U.S. EPA Announces Drinking Water System of Arvin, California Has Returned to Compliance with Arsenic Safety Standard
KERN COUNTY (October 13, 2021) Yesterday evening, the U.S. Environmental Protection Agency (EPA) and the California State Water Resources Control Board (State Water Board) announced at a joint press conference that Arvin Community Services District (the District) has come into compliance with the federal Safe Drinking Water Act arsenic health standard.
The District partnered with both the EPA and State Water Board to reach this goal through federal and state funding for multi-year arsenic mitigation projects that produced new water well facilities.
The District’s drinking water system serves approximately 20,000 residents of Arvin, which is an overburdened community in Kern County. The water system is supplied by groundwater, which contains naturally occurring arsenic. Drinking high levels of arsenic over many years may increase the chance of lung, bladder, and skin cancers, as well as heart disease, diabetes, and neurological damage.
“For many years, Central Valley communities such as Arvin have struggled to meet drinking water health standards for arsenic,” said EPA Pacific Southwest Acting Regional Administrator Deborah Jordan. “By bringing the system into full compliance with the Safe Drinking Water Act, the District is doing its part to protect human health and provide safe drinking water to the community.”
“Today is a milestone for Arvin and a source of encouragement for other communities throughout the state who lack access to clean and safe drinking water and are working to achieve it,” said Joaquin Esquivel, Chair of the State Water Board. “Mapping, funding and implementing sustainable solutions to contamination issues can be a complex and lengthy undertaking, and we have a generational opportunity and imperative to accelerate this work. The District’s perseverance now ensures greater protection of the community’s health and Arvin’s long-term drought resilience.”

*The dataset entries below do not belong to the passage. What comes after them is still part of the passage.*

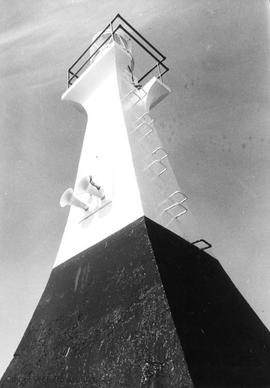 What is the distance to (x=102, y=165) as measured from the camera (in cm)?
623

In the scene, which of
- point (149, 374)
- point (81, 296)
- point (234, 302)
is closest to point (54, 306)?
point (81, 296)

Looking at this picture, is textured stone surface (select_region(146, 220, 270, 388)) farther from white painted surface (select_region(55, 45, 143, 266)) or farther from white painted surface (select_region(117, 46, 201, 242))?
white painted surface (select_region(55, 45, 143, 266))

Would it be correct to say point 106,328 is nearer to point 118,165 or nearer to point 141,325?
point 141,325

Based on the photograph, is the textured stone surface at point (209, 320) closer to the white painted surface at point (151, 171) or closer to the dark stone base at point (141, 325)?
the dark stone base at point (141, 325)

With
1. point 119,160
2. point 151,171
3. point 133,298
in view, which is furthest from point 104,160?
point 133,298

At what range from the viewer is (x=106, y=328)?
3.71 m

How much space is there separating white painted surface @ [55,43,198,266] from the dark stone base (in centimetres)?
36

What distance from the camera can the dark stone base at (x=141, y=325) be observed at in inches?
125

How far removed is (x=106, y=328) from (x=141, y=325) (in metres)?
0.49

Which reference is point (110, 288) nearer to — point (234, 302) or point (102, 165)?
point (234, 302)

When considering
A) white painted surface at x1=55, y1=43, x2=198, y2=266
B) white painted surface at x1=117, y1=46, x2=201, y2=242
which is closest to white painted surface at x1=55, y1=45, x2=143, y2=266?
white painted surface at x1=55, y1=43, x2=198, y2=266

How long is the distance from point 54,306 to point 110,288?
3.83 feet

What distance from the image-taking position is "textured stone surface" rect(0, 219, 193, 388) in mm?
3131

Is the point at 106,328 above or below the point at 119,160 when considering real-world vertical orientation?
below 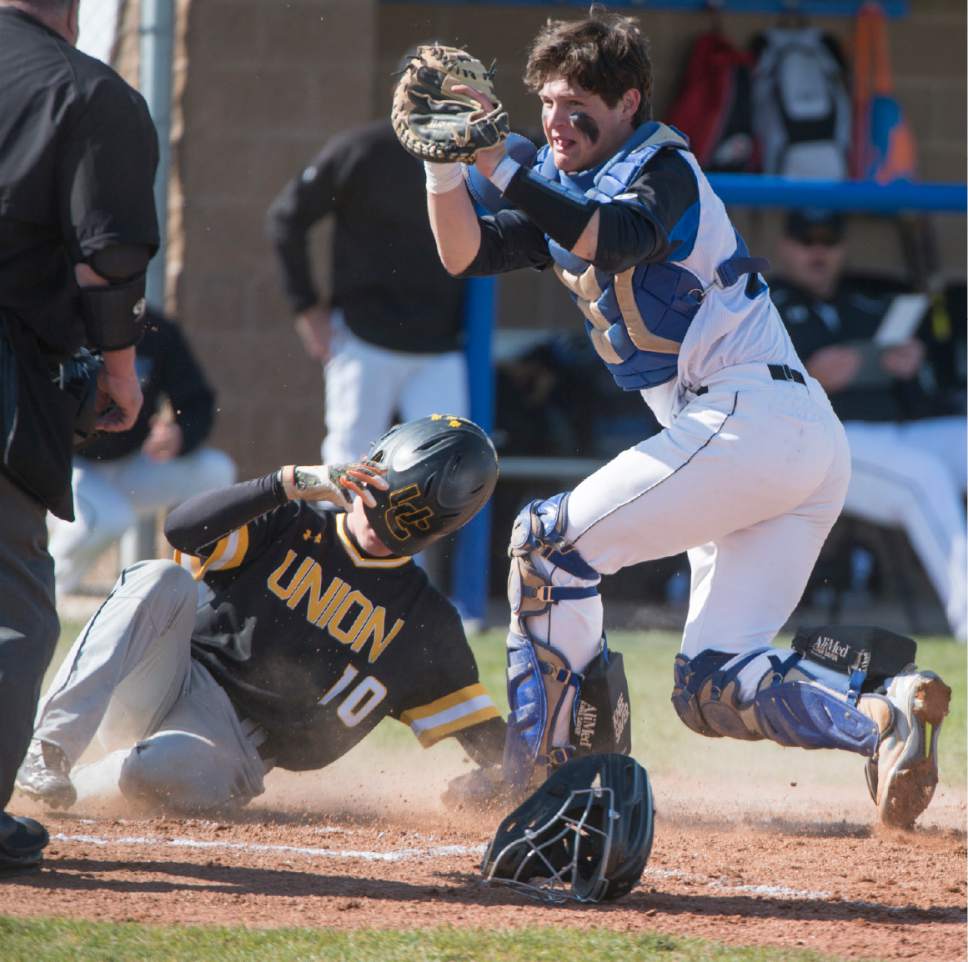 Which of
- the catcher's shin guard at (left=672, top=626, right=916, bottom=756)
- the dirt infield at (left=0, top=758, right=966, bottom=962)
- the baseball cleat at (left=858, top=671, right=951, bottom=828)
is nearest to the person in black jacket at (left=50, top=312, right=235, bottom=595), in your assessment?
the dirt infield at (left=0, top=758, right=966, bottom=962)

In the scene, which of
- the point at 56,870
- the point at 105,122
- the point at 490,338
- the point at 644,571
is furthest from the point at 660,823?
the point at 644,571

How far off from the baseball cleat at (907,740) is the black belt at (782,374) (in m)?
0.80

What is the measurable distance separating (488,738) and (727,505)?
37.2 inches

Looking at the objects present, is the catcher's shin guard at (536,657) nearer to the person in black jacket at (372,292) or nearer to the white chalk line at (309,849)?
the white chalk line at (309,849)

“Working on the Arsenic Mitigation Project and the Brown and Bryant Superfund Site has been a very challenging and humbling experience, which makes the completion of these projects even more satisfying for the community,” said General Manager Raul Barraza, Jr.

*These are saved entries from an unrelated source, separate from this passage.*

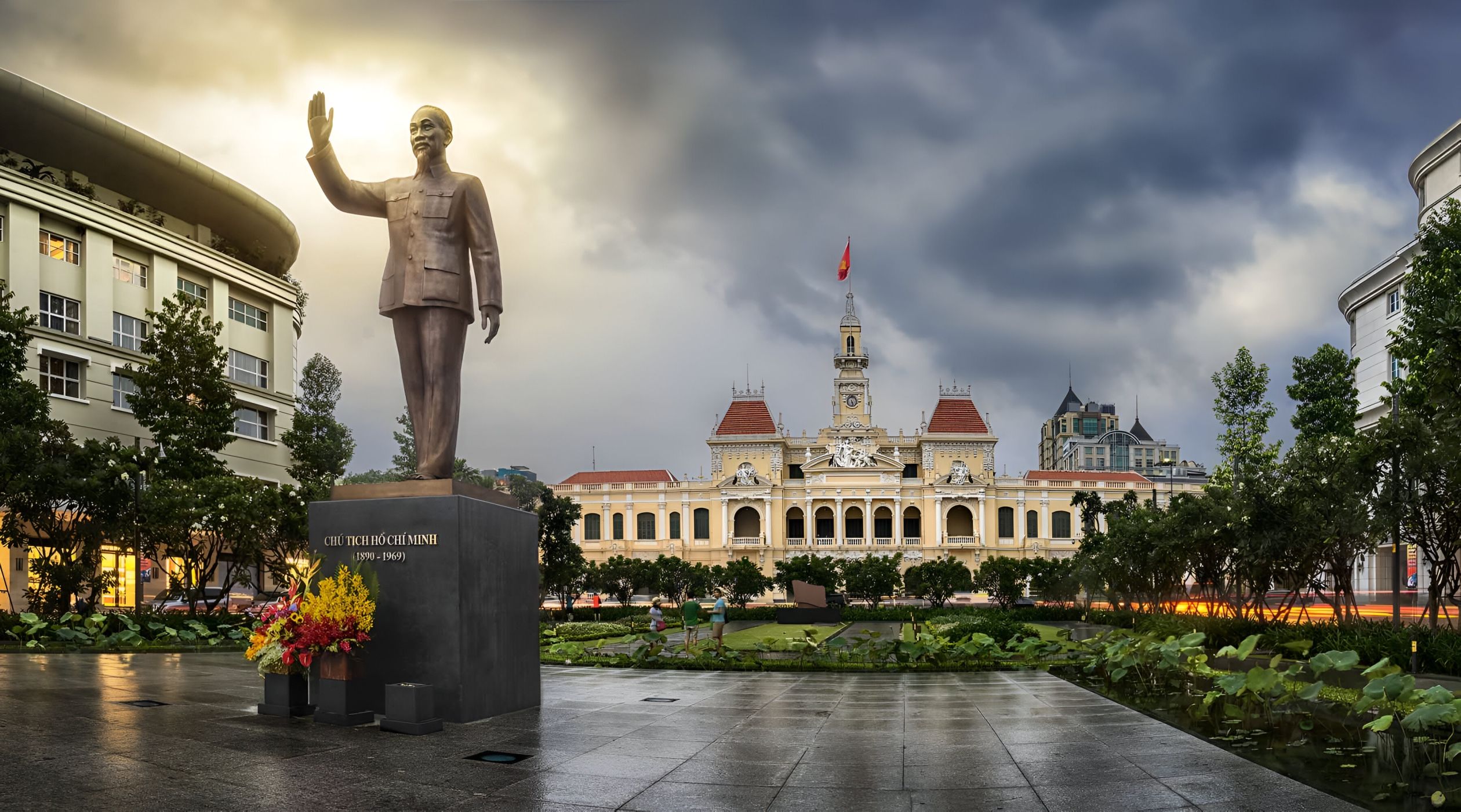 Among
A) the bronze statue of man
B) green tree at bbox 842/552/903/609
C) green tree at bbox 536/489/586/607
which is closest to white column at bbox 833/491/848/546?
green tree at bbox 842/552/903/609

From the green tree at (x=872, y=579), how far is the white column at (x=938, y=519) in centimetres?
3423

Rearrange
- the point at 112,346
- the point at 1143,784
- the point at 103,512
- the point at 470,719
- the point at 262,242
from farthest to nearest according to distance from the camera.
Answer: the point at 262,242 < the point at 112,346 < the point at 103,512 < the point at 470,719 < the point at 1143,784

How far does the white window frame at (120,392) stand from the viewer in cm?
3628

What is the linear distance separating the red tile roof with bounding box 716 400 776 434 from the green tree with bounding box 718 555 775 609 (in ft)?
128

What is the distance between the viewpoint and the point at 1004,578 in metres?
44.4

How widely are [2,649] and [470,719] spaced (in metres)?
13.3

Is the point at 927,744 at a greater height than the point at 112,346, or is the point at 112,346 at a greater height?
the point at 112,346

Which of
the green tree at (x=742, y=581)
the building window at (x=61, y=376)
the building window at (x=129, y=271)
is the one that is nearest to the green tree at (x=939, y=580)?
the green tree at (x=742, y=581)

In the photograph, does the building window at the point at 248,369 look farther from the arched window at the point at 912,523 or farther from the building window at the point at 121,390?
the arched window at the point at 912,523

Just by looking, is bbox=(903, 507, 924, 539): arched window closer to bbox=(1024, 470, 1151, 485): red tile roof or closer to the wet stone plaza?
bbox=(1024, 470, 1151, 485): red tile roof

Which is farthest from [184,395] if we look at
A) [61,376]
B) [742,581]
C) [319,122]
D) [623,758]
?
[623,758]

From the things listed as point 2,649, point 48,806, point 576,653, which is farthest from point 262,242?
point 48,806

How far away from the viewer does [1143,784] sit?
685 cm

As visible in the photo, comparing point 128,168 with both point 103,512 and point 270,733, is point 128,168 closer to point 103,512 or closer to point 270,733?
point 103,512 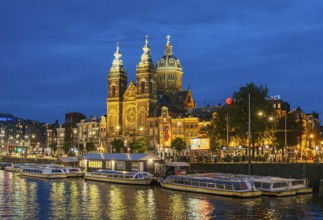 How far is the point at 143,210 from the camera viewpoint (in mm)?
55750

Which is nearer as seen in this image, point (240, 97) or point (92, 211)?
point (92, 211)

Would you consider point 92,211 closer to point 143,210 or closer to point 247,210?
point 143,210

“The Board of Directors and staff are very excited that through the actions of the District, with assistance from the State Water Board and the EPA, the quality of the District’s water supply is the best it has ever had!”, stated Board President Maria M. Alvarez.
In October 2008, EPA ordered the District to ensure residents would have access to safe drinking water by complying with the arsenic safety standard of 10 parts per billion.
The District agreed to:
- Implement an arsenic mitigation project.
- Conduct quarterly meetings and submit quarterly reports to EPA.
- Drill and complete five new groundwater wells.
- Provide alternative drinking water to their customers by installing three drinking water vending machines.
- Conduct quarterly water quality monitoring of drinking water.
The District -- with funding from EPA and the State Water Board -- has been working to construct new wells that would meet drinking water standards. The State Water Board contributed approximately $20 million for the drilling, construction and development of five new wells from 2010 to present. The construction included equipping the wells with pumps, motors, piping and other materials to connect the wells to the existing distribution system.
The District also received funding from EPA in 2017 to replace a drinking water well threatened by contamination from the Brown and Bryant Superfund Site. The District removed the threatened well and constructed a new well farther from the site. For nearly three decades, the Brown and Bryant Site, located off of South Derby Road in Arvin, housed an agricultural distribution facility for pesticides and other agricultural chemicals that released chemicals into the soil and groundwater.